You know that moment when you passed gas under the blanket a while ago, then you go to get up, lift the blanket and suddenly your senses are assaulted with the somewhat soured scent of what you ate 2 hours ago, and you're shocked and surprised and a little embarrassed because you were sure that since you farted 10 minutes prior, the smell should have dissipated and then in the same instance, you're thankful no-one else is around and you think "Why DO farts hang around for so long?!"
Also, that moment where you politely remove yourself and go stand in a different room to release your pent up gaseous cloud, only to have your loved one pop up unexpectedly by your side just moments later, and you thought you were safe but really you should have known that they'd come over to check out what you were up to once you got up and you weren't really safe after all.
I mean, these things never happen to me, of course. I'm far too perfect to ever fart.

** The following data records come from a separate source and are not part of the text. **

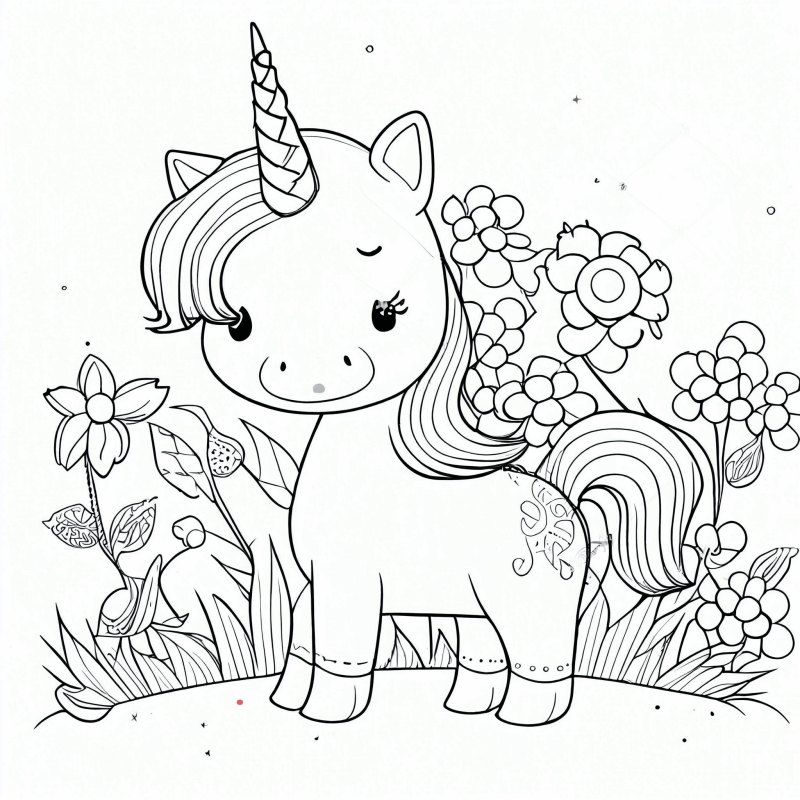 Desenho de Unicórnios para imprimir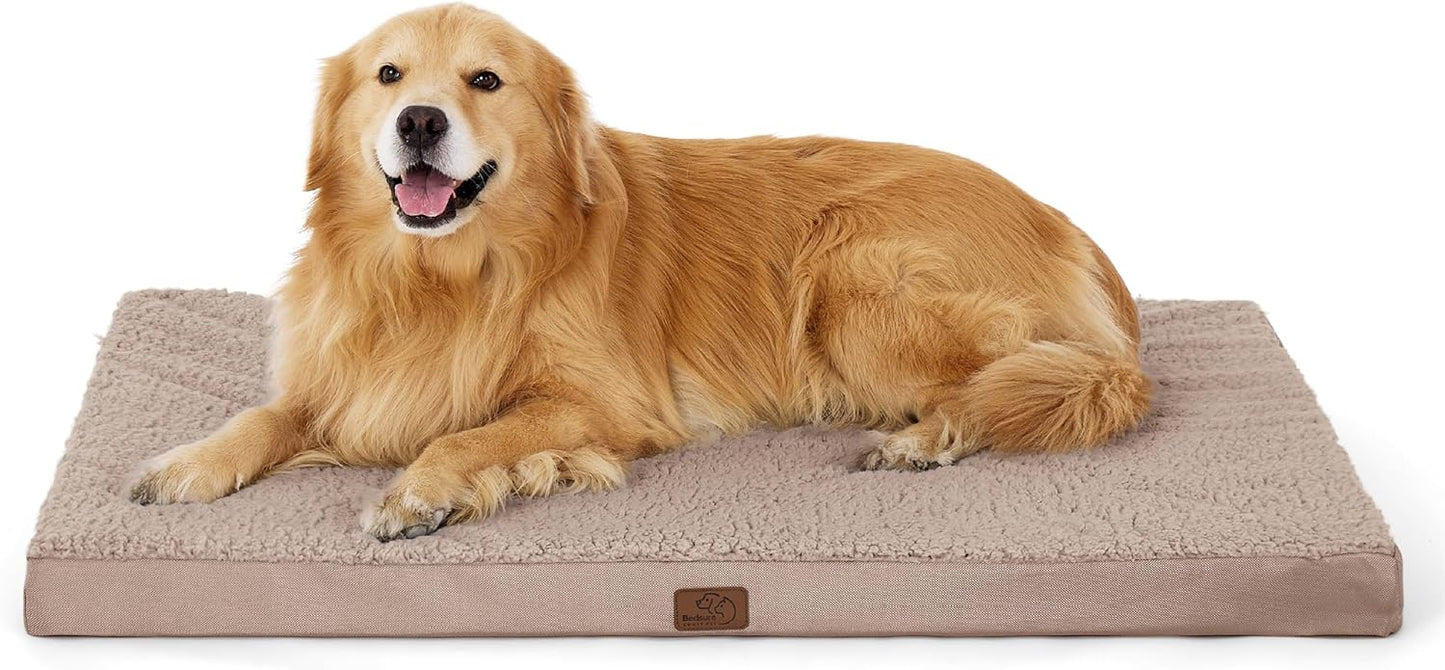 Bedsure Dog Beds Large Sized Dog - Extra-Large Orthopedic Waterproof Puppy Bed with Removable Washable Cover, Egg Crate Foam Pet Mat, Suitable for Pet Up to 100 lbs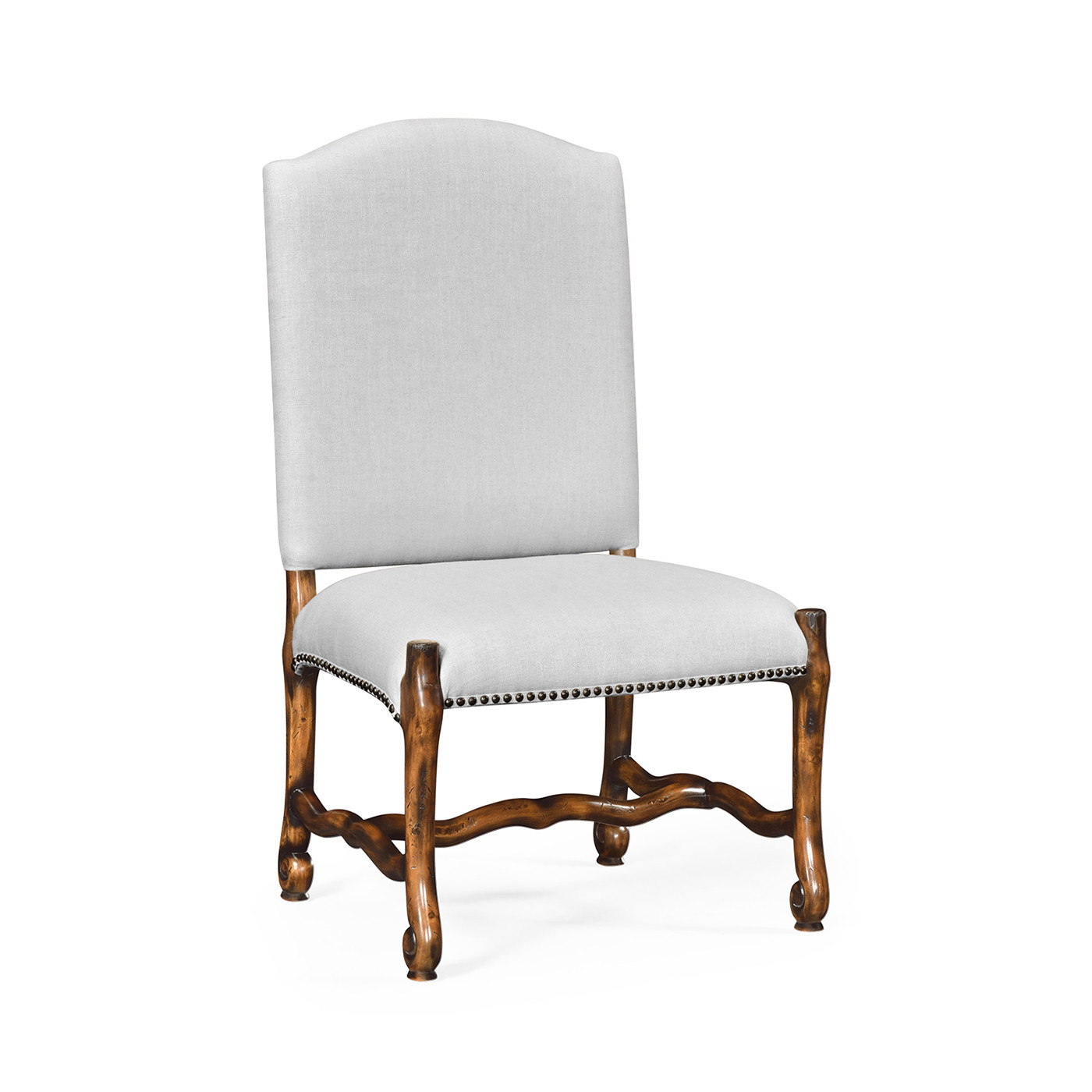 Upholstered side chair in Rustic Walnut (COM)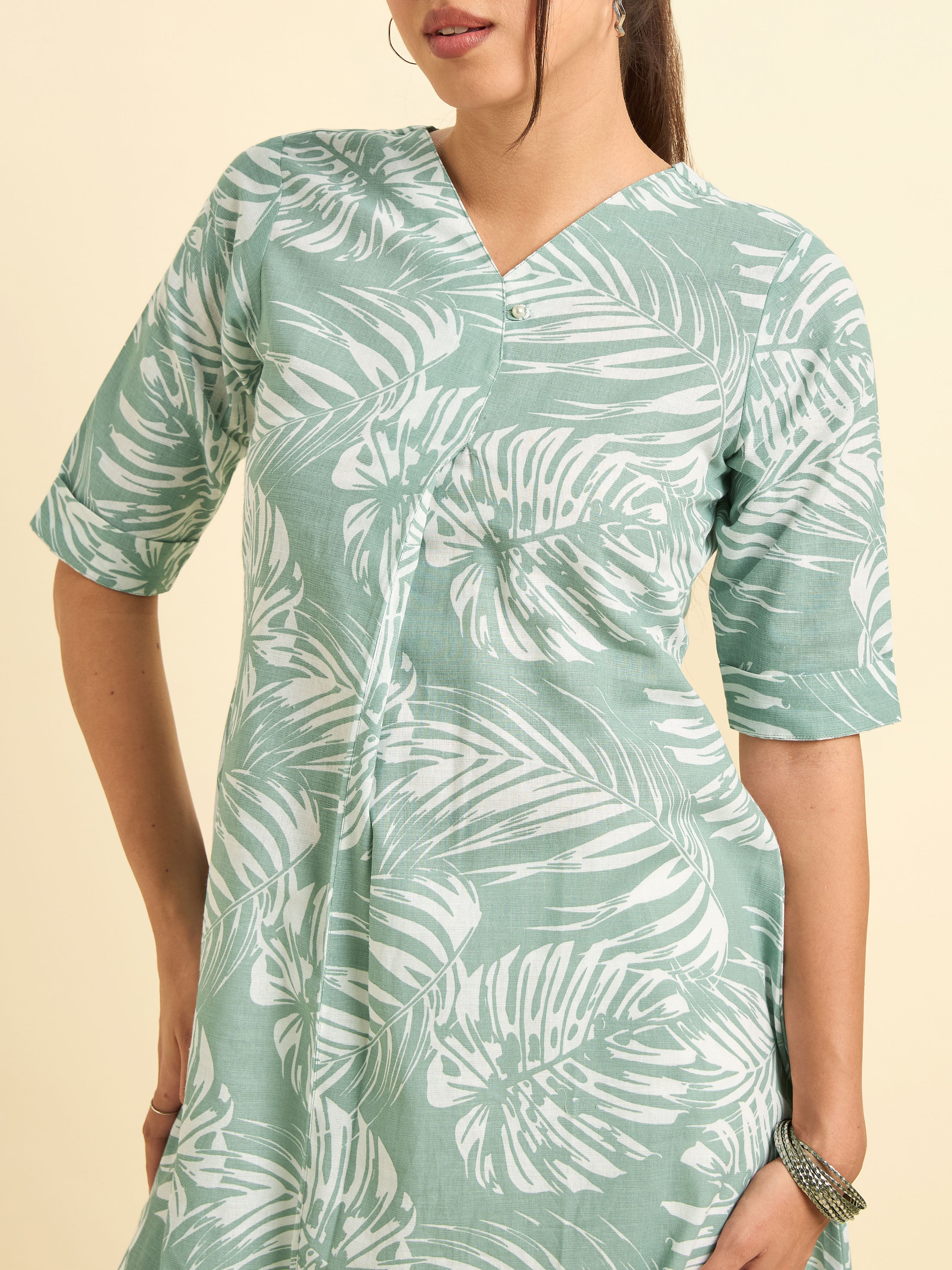 Sage Green And White Cotton Linen Printed Flared Kurti With Knife Pleat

I've trained my body to swallow farts and reuse that as a new form of energy with which I can utilize whenever I see fit. I'm like that car that can run off garbage. Oh wait... that was in a movie, it's not reality.
But you know, sometimes I want to just talk about stuff like that, but there's nowhere public that's private enough to be immature in any more. So I'm writing it here. I ought to be allowed to be as immature as I want to be on my blog and hope that it doesn't come back and kick me in the gas releasing hynie. Is that how you spell hynie?
Raise a glass with me... cheers, to always having that immature streak inside of you, and letting it squeak out from time to time.